“In reviewing a Medicaid eligibility determination rendered after a hearing, this Court must ‘review the record, as a whole, to determine if the agency’s decisions are supported by substantial evidence and are not affected by an error of law’ ” (Matter of Mallery v Shah, 93 AD3d 936, 937 [2012], quoting Matter of Campbell v Commissioner of NY. State Dept. of Health, 14 AD3d 766, 768 [2005]; accord Matter of Loiacono v Demarzo, 72 AD3d 969, 969 [2010]; Matter of Rogers v Novello, 26 AD3d 580, 581 [2006]). Here, the record discloses that decedent’s mother established a trust in 1995, naming decedent as a beneficiary of the trust assets to be distributed upon the mother’s death. In 2004, decedent executed a durable power of attorney authorizing her daughter to act on her behalf. Decedent’s mother died in April 2009 and, in July 2009, decedent’s daughter opened a joint bank account with decedent, acting as her attorney-in-fact. Decedent was admitted to the hospital in late December 2009, after being found unresponsive and living in *1328unhygienic conditions. At the time of her admission, she was noted to be “confused and not interacting.” No medical proof was submitted regarding decedent’s mental state prior to her admission to the hospital, but the hospital records note that she had reportedly been “fine.” Decedent was moved to petitioner’s nursing facility in January 2010, where she was noted to rarely speak and have poor short term memory, but to be able to understand questions, follow commands and make herself understood. Later that month, the proceeds from the trust due to decedent — approximately $129,000 — were deposited in the joint account.
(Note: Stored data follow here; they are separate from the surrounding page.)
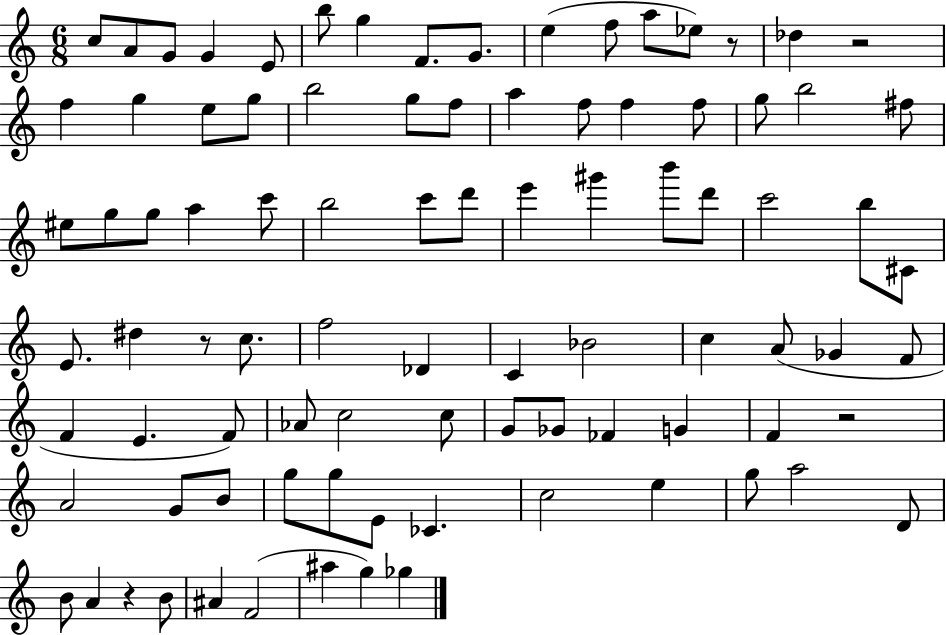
X:1
T:Untitled
M:6/8
L:1/4
K:C
c/2 A/2 G/2 G E/2 b/2 g F/2 G/2 e f/2 a/2 _e/2 z/2 _d z2 f g e/2 g/2 b2 g/2 f/2 a f/2 f f/2 g/2 b2 ^f/2 ^e/2 g/2 g/2 a c'/2 b2 c'/2 d'/2 e' ^g' b'/2 d'/2 c'2 b/2 ^C/2 E/2 ^d z/2 c/2 f2 _D C _B2 c A/2 _G F/2 F E F/2 _A/2 c2 c/2 G/2 _G/2 _F G F z2 A2 G/2 B/2 g/2 g/2 E/2 _C c2 e g/2 a2 D/2 B/2 A z B/2 ^A F2 ^a g _g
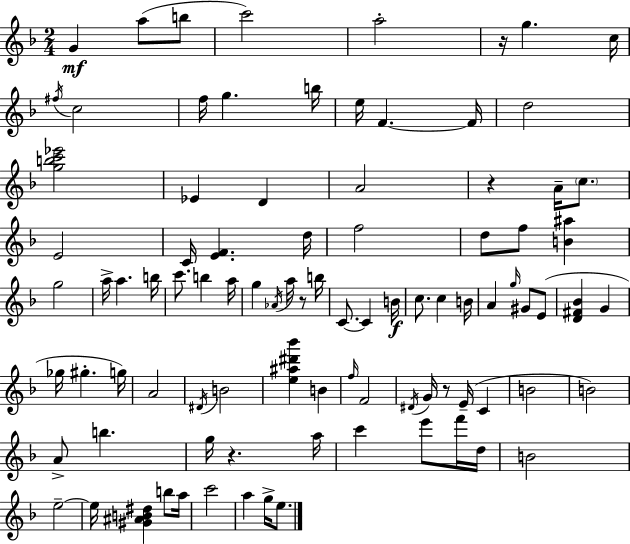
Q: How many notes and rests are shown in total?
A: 92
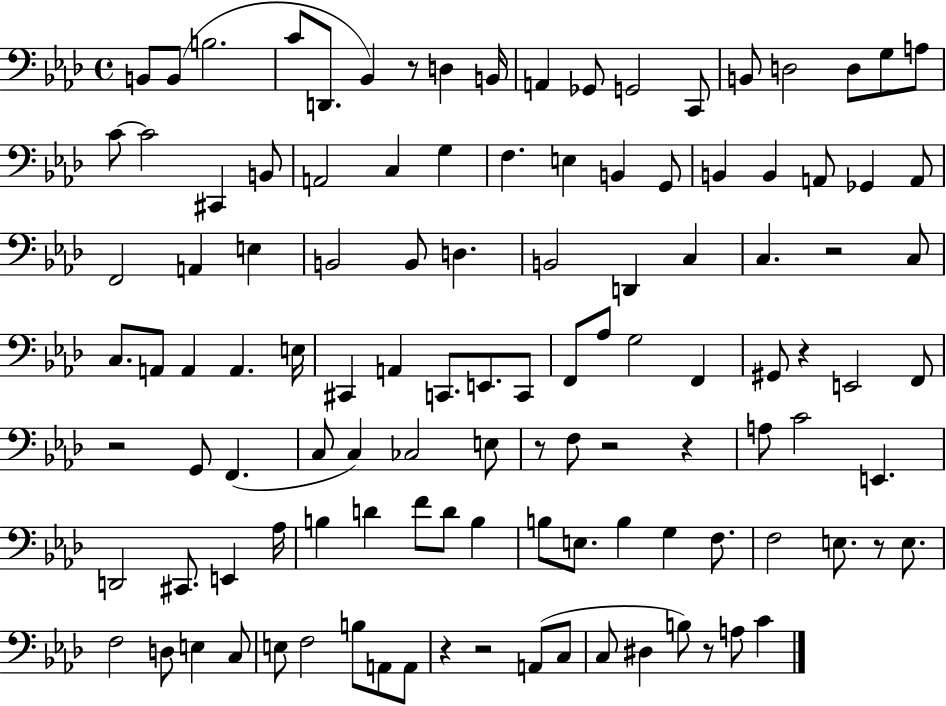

On that same day, the daughter transferred over $100,000 from the joint account to her own account and, shortly thereafter, made additional transfers of more than $17,000. Petitioner applied for Medicaid benefits on decedent’s behalf in May 2010. As of January 2011, decedent was noted to have “advanced dementia.”
Petitioner argues that the challenged determination is based on an error of law because the transfers by decedent’s daughter exceeded her authority as decedent’s agent and were, therefore, “exclusively for a purpose other than to qualify for medical assistance” (Social Services Law § 366 [5] [e] [4] [iii] [B]). We note, however, that the daughter’s opening of the joint account was authorized by virtue of her ability to engage in banking transactions as decedent’s attorney-in-fact (see General Obligations Law § 5-1502D [former (2)]).* Although the power of attorney did not authorize the daughter to then make a gift to herself by withdrawing the trust proceeds, the presumption of Banking Law § 675 applies here (see Matter of Velie, 62 AD3d 1244, 1245 [2009]). Thus, pursuant to Social Services Law § 366 (5) (e) (6), the daughter’s transfers can be attributed to decedent (see Matter of Mattery v Shah, 93 AD3d at 939). Given this, petitioner was required to show that the transfers fell within a statutory or regulatory exception (see id.; Matter of Rogers v Novello, 26 AD3d at 581).
Although petitioner theorizes that decedent was unaware of her entitlement to the trust proceeds or any of the actions taken by her daughter due to her diminished mental capacity and argues that the evidence establishes the applicability of the exception found in Social Services Law § 366 (5) (e) (4) (iii) (B), the only medical proof submitted pertains to decedent’s mental capacity after decedent’s mother died and after the creation of *1329the joint account. While petitioner contends that the daughter’s actions were an improper gift to herself in violation of her fiduciary duty, thus creating a presumption of self-dealing, the acts of the daughter are equally consistent with the conclusion that decedent had anticipated and acquiesced to the eventual transfer. Thus, in the absence of proof supporting its claim of self-dealing, petitioner is unable to overcome the conclusion that the proceeds were transferred — at least in part — in order to qualify for Medicaid (see Matter of Mallery v Shah, 93 AD3d at 937-938; Matter of Loiacono v Demarzo, 72 AD3d at 970).
Mercure, J.P., Lahtinen, McCarthy and Egan Jr., JJ., concur. Adjudged that the determination is confirmed, without costs, and petition dismissed.
We also note that the 2008 amendments to General Obligations Law § 5-1502D, made effective September 1, 2009, now prevent attorneys-in-fact from using the banking authorization to open a joint account (L 2008, ch 644, §§ 6, 21).